THE PANAMA CANAL TREATIES-No. 16

Mr. ALLEN. Mr. President, I am going to count this my speech No. 16 on the Panama Canal since the treaties were signed by the two heads of state.

Mr. President, I read today in the Washington Star a very interesting article touching on a matter about which perhaps all Senators should become knowledgeable. The article reports that U.S. Department of Justice sources have confirmed that there is a sealed narcotics indictment in the eastern district of New York against one Moises Torrijos, brother of the present Panamanian Dictator Omar Torrijos. The Washington Star newspaper story does not state the substance of the indictment, but it does report that the indictment has never been disclosed allegedly, because Moises Torrijos has not returned to the United States since the time the indictment was issued, apparently some time during 1972.

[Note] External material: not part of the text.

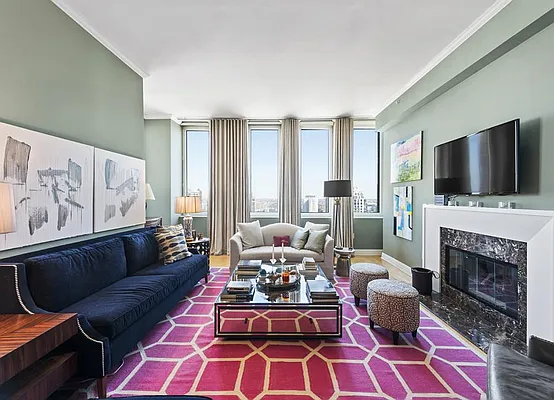 Rented by Warburg | media 35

You know, Mr. President, I wondered at the time of the signing of the Panama Canal treaties why Moises Torrijos was not in attendance inasmuch as he is currently Ambassador to Spain and presumably would have wished to share in the celebrations held down at the Pan American Building. At the time, it did seem strange that since diplomats from every Spanish-speaking country in the world did seem able to attend, yet the brother of the present head of the Panamanian Government found it inconvenient to share in the festivities.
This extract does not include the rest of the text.